MP3 Streif - Nordic Winter
Bewitchingly beautiful to spite the freezing cold. They don’t leave their listeners out in the cold. On their fourth album “Nordic Winter”, the snow and the cold get caught up in a musical high front that feeds off northern European folkore.
9 MP3 Songs
WORLD: World Fusion, JAZZ: World Fusion
Details:
Bewitchingly beautiful to spite the freezing cold
Georg Reiss
clarinet, tárogáto, saxophone
Tom Karlsrud
akkordion, euphonium
Torbjørn Økland
guitar, bouzouki, mandolin, trumpet
Birger Mistereggen
percussion, marimba, drums
If music is the language of the human soul, Streif’s songs are the joystick for feelings of warmth and comfort. Somehow, it has to be the long darkness, icy winters, and magnificent loneliness of the Norwegian countryside that makes such fullness of sound and enormous joy in experimentation flourish, something that doesn’t seem possible elsewhere in the world.
Streif’s four-man ensemble constisting of Georg Reiss (clarinet, tárogáto, saxophone), Tom Karlsrud (accordeon, euphonium), Torbjǿrn Ǿkland (guitar, mandoline, trumpet), and Birger Mistereggen (percussion, marimba, drums), presents itself with an incredibly superb wealth of musical invention that really gets into your ears, and stays there.
The classical-traditional folklore of Scandinavia and the Baltic, moving between heavy-hearted melancholy and airy lightness in Streif’s arrangements, is coupled with a multitude of musical genres and styles.
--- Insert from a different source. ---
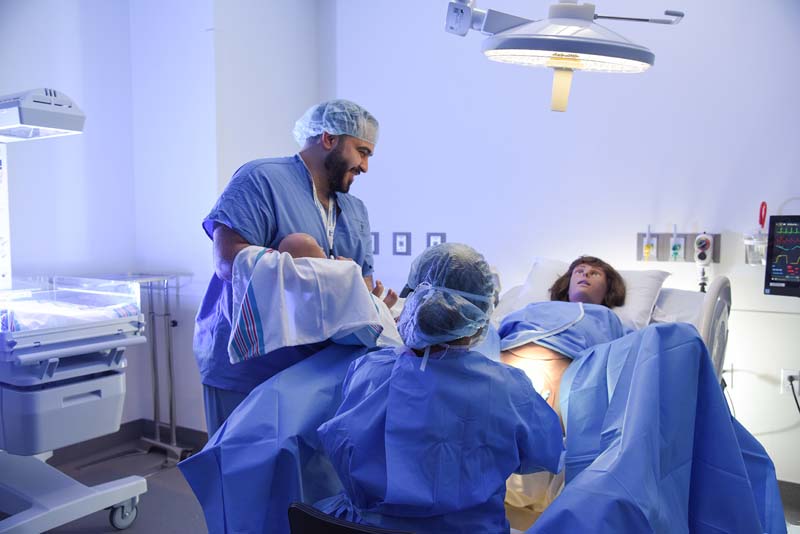 Man in scrubs holding dummy baby next to woman in scrubs while looking at dummy patient in hospital bed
The sad sound of the accordeon, flowing into ethereal floating guitar riffs worthy of David Gilmour, crescends to a musical landscape, approaching majestic beauty. With tárogáto, clarinet, and guitar, the fragile singing of the brides “Brudesang Fra Solǿr” and “Saktmodig Brudemarsj” penetrates the cold and silence of the nordic winter, seducing the heart and mind to relish in rapture.
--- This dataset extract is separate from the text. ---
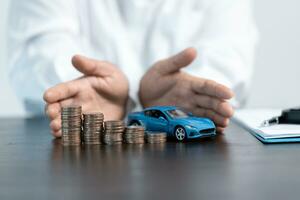 de cerca de un de la persona mano proteger creciente apilado monedas y azul coche. ahorro dinero para coche concepto, comercio coche para efectivo concepto, Finanzas concepto. foto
Letting yourself get into Streif is like taking a dive into a melting pot of cultures. Sometimes it sounds as if the lost world of the eastern Jewish Schtetl has again come to life, with “Bessleiken” making the baltic shake with euphonium, accordeon, and percussion until, with drum rolls and the sounding of the clarinet, if finally takes you back to the North (“Klarinettlǻt Etter”). The traditional ways and irresistible harmonies are enchanting, and they are, thanks to Streif, magnificently optimized without losing their authenticity or essence. The nordic winter, carefree, wraps itself around the burning heat of the equator or finds warmth in the smokey jazz cellars of Manhattan with the sacral “Hjemlandslokke”.
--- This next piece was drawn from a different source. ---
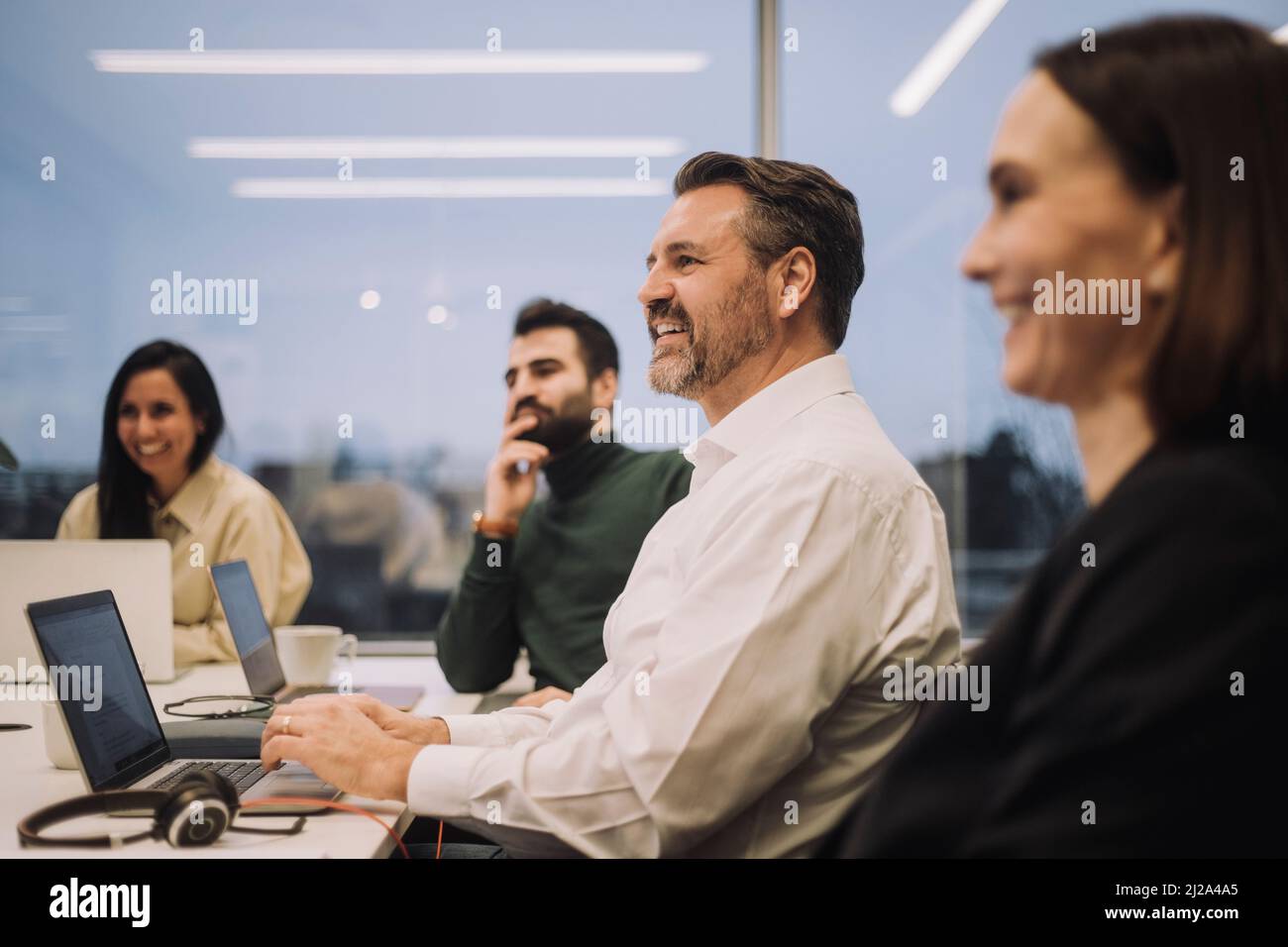 Uomo d'affari sorridente che parla con colleghi maschi e femmine durante l'incontro in ufficio Foto Stock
Streif’s musical world journey, which fears neither challenge nor improvisational frolicking, is a feast for the senses and food for the soul.
Summary
Streif don’t leave their listeners out in the cold. On their fourth album “Nordic Winter”, the snow
and the cold get caught up in a musical high front that feeds off northern European folkore,
rock, jazz, and a multitude of world music sounds. Tremendously experimental and strong
in improvisation, they warm the heart and soul to the very bone.